The five steps described here constitute a governance architecture, not merely a to-do list. Their cumulative effect, if executed with fidelity to the community-generated principles, would be to shift the institutional locus of research security judgment from reactive, individual-level compliance decisions made under political pressure to proactive, field-level standards developed by those with the expertise to make them. The proposal asks something difficult of the scientific community: not merely to critique securitization as it has been practiced, but to take institutional responsibility for the alternative. 

That is a demanding ask. It is also the only path to a system that is simultaneously more secure and more open than the one currently in place.

Appendix: Proposed categories for discussion

This table classifies science and engineering fields into three tiers based on the National Academies’ recommended dimensions: nature of risk (i.e., type of harm), likelihood of risk (i.e., probability of diversion), and potential consequences (i.e., severity if realized). Fields are drawn from the National Science Board Table A-1 taxonomy, augmented by the Office of Science and Technology Policy Critical and Emerging Technologies List, Department of Defense Critical Technology Areas, and Nature Index data on China’s global leadership positions.

Classification criteria: A field is GREEN when all three risk dimensions are low. It shifts to YELLOW when at least one dimension is elevated. It reaches RED when two or more are high, or when consequences alone are catastrophic, regardless of likelihood.

Starred entries (*): Seven boundary fields are provisionally placed in the red tier pending further deliberation. These fields contain subfield heterogeneity — portions may warrant reclassification to yellow or green upon disaggregation and expert input. They are visually distinguished with lighter shading and detailed discussion notes. 

China engagement note: Fields where China is the acknowledged global leader (per Nature Index 2024) are flagged. Per the smart openness proposal, the US should actively engage with world leaders in these fields to access and absorb world-class knowledge, consistent with the tier classification.

Key to classifications

• Open: NSDD-189 applies fully. Unrestricted international collaboration. Professional societies may vet.
• Allied collaboration; registered: Unclassified but restricted to Five Eyes and select partners.
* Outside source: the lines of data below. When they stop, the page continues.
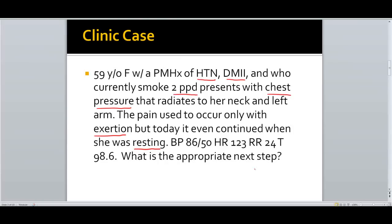The patient is coming in with what sounds like a cardiac event — a heart attack. But whenever you have a patient you're evaluating, always go over your ABCDs: airway, breathing, circulation, disability. You always have to stabilize the patient before you do anything diagnostic.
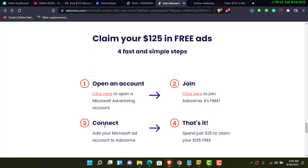The third step is to add your Microsoft Ads account to Adzuma. Once you create both accounts, you link them together — the option will be there. I'll also show you a step-by-step blog you can follow. The fourth step is to spend $25 to claim your $125 free Microsoft voucher.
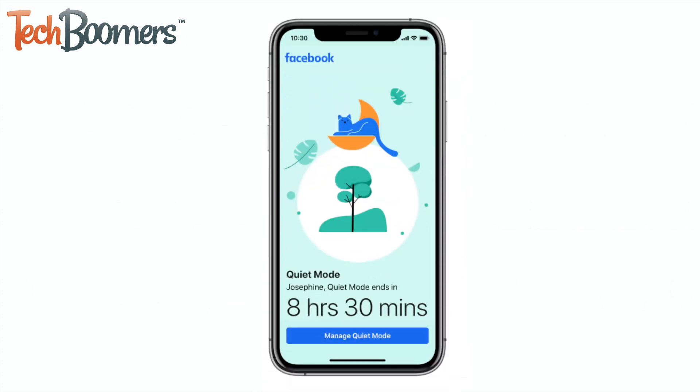When Quiet Mode is on, your timeline will be hidden by the Quiet Mode screen, along with a countdown timer that shows how much time is left until Quiet Mode ends.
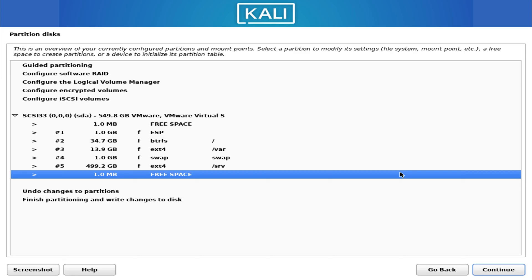As we wrap this up, keep in mind that Linux partitions and file systems aren't just technical details — they are the backbone of how Linux runs. They determine how data is stored, how fast the system performs, how safe your files are, and how easy it is to recover from mistakes. Once you understand these pieces, everything else in Linux — installations, upgrades, dual booting, and troubleshooting — becomes far simpler.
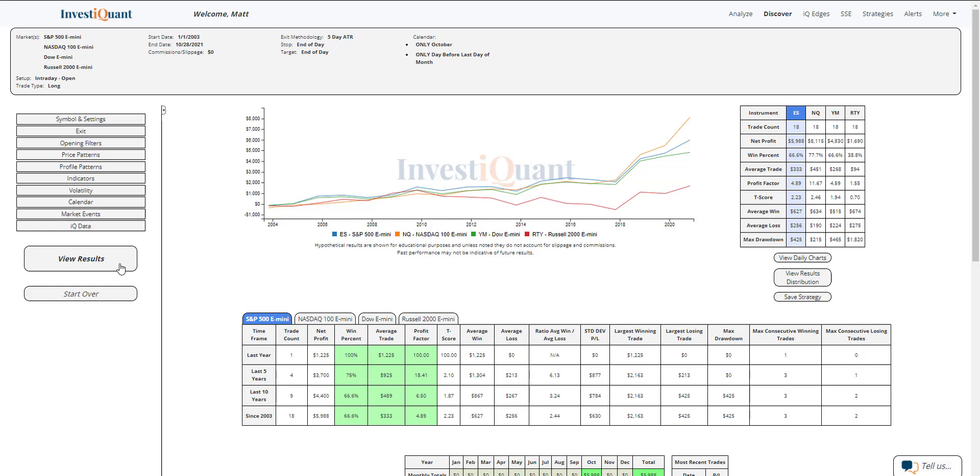So the S&P is coming in at 67%. The NASDAQ is coming in at 78%. The Dow, 67%. And the Russell is the one outlier here at 39%. So three of the four have been pretty strong on this day, historically speaking,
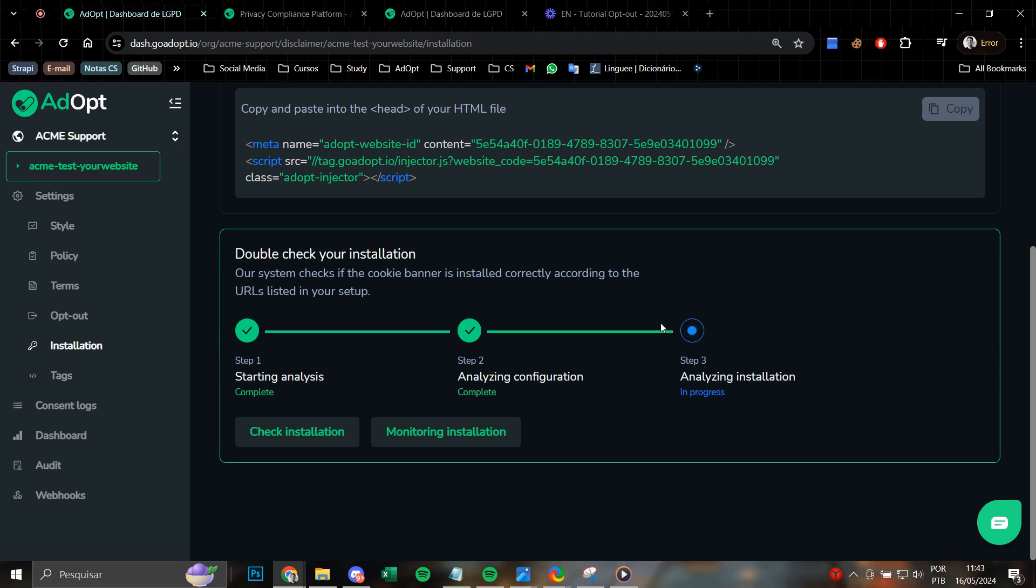Then the third step is a little bit more time-consuming, a bit slower, because the adopt system will enter your site and thoroughly verify the tag installation properly and accurately.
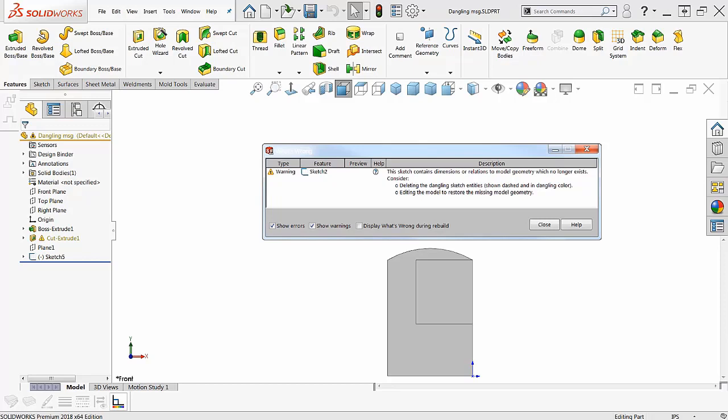Today I want to talk about dangling stuff in sketches - all those little gold warning messages. Most of those are dangling entities. You get this little message that I have up on screen here: sketch contains dimensions or relations to model geometry which no longer exists. Consider fixing it.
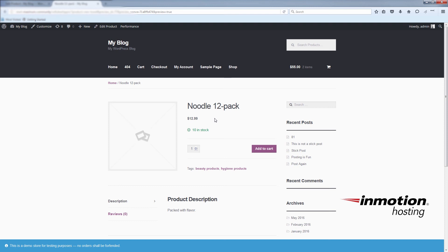Now you know how to edit regular and sale prices in WooCommerce. In part two of this video, I'll show you how you can do price editing in bulk.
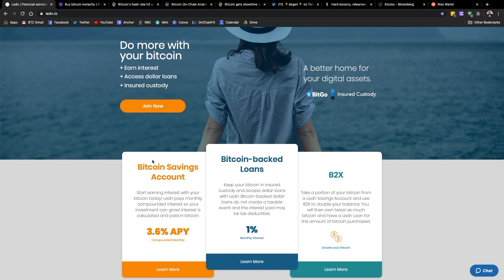Interest on your Bitcoin, paid in Bitcoin. They've got Bitcoin-backed loans where you can use your Bitcoin as collateral to secure a Canadian or US dollar loan.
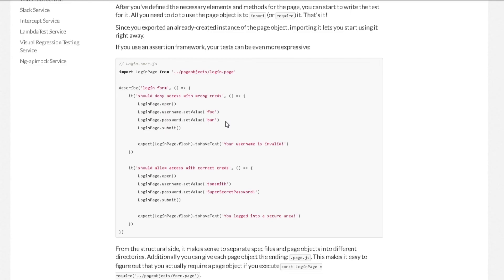So in the next video, we will be converting all our existing tests into page object design pattern. Also if you want, you can follow this example and try to implement page object model on your own for the tests we have created so far. And then you can compare your solution with mine in the next video.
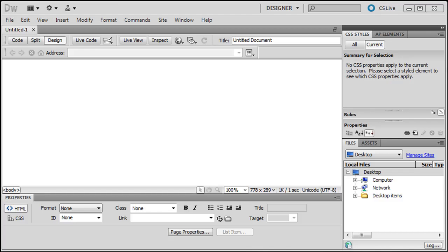Hi, this is Ralph and in this video I want to use Dreamweaver CS5 to set up and establish a new website. So starting from scratch here, I just want to give you a little bit of clean up first.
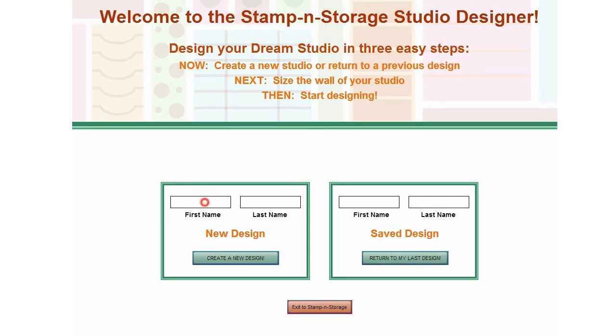At the welcome screen, you can either return to a previous layout or start a new design. Enter your name and click the appropriate button to continue.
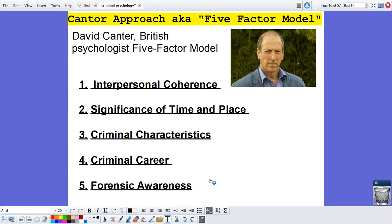Welcome back. This is part two of our session eight criminal psychology lesson. Here we have the Cantor approach, also known as the five-factor model. This was invented by the British psychologist David Cantor, and he wrote quite a few books about criminal psychology, boiling down five-factor models into these five factors.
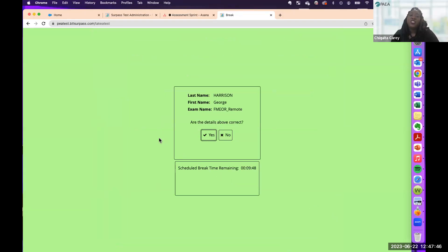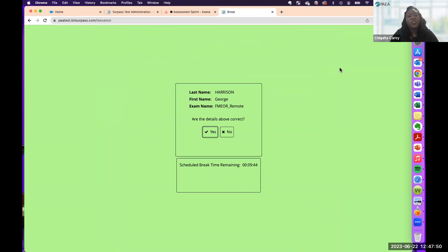Now we'll transition to Q&A. We will compile your questions to inform future educational materials for the transition. Denise.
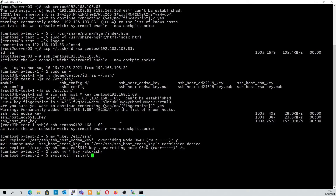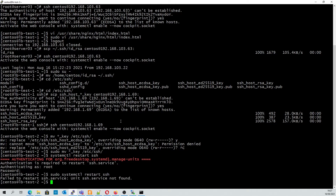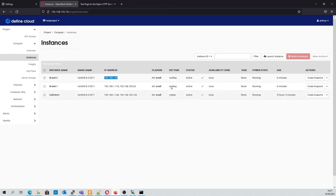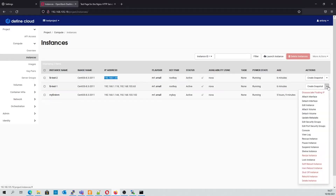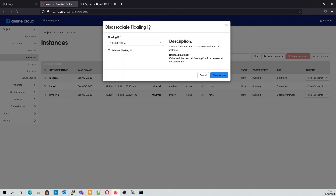Now that the keys have been copied, we can restart SSH. Next, we're going to disassociate the floating IP from our test instance 1, and we're going to build our load balancer.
Registered with the US Department of Commerce or designated body.
• Scrutiny recommended: Unclassified; requires case-by-case assessment of collaboration partner, application domain, and data sensitivity.
• National only; classified: Classified per NSDD-189 or restricted under export control (ITAR/EAR). No international collaboration outside cleared channels.
• Boundary — for discussion: Provisionally red. Contains subfield heterogeneity requiring disaggregation. Portions may be reclassified to Yellow or Green upon deliberation.

Policy reference key

• CET: Office of Science and Technology Policy Critical and Emerging Technologies List (February 2024), 18 categories.
• CTA: Department of Defense Critical Technology Areas (November 2025), six priorities.
• Nature Index: Nature Index 2024 Research Leaders; China’s global leadership in chemistry, physical sciences, earth & environmental sciences, applied sciences, and aggregate natural sciences.
• NSDD-189: National Security Decision Directive 189 (1985); fundamental research unrestricted; control mechanism is classification.
• CHIPS Act: CHIPS and Science Act (2022); semiconductor manufacturing and R&D investment with national security guardrails.

Starred (*) boundary fields — discussion guide

The following seven fields are placed in Red as the default-secure position, but each contains internal heterogeneity that warrants deliberation. The core question for each: at what subfield granularity does the tier boundary shift?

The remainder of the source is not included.